Summing a large list of numbers is too slow




Task: "Sum the first 15,000,000 even numbers."


nats = [1..] :: [Int]
evens = filter even nats :: [Int]

MySum:: Int
MySum= sum $ take 15000000 evens

...but MySum takes ages. More precisely, about 10-20 times slower than C/C++.

Many times I've found, that a Haskell solution coded naturally is something like 10 times slower than C. I expected that GHC was a very neatly optimizing compiler and task such this don't seem that tough.

So, one would expect something like 1.5-2x slower than C. Where is the problem?

Can this be solved better?

This is the C code I'm comparing it with:

long long sum = 0;
int n = 0, i = 1;

for (;;) {

  if (i % 2 == 0) {
    sum += i;

  if (n == 15000000)


Edit 1: I really know, that it can be computed in O(1). Please, resist.

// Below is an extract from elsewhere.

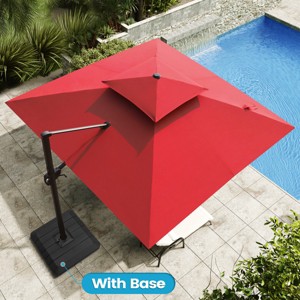 Crestlive Products 11 ft Square patio Double Top Cantilever Umbrella with Base set Outdoor 360 Rotation 6 Heights Adjustable Offset Umbrella - 1 of 4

Edit 2: I really know, that evens are [2,4..] but the function even could be something else O(1) and need to be implemented as a function.

4 Answers

Lists are not loops

So don't be surprised if using lists as a loop replacement, you get slower code if the loop body is small.

nats = [1..] :: [Int]
evens = filter even nats :: [Int]

dumbSum :: Int
dumbSum = sum $ take 15000000 evens

sum is not a "good consumer", so GHC is not (yet) able to eliminate the intermediate lists completely.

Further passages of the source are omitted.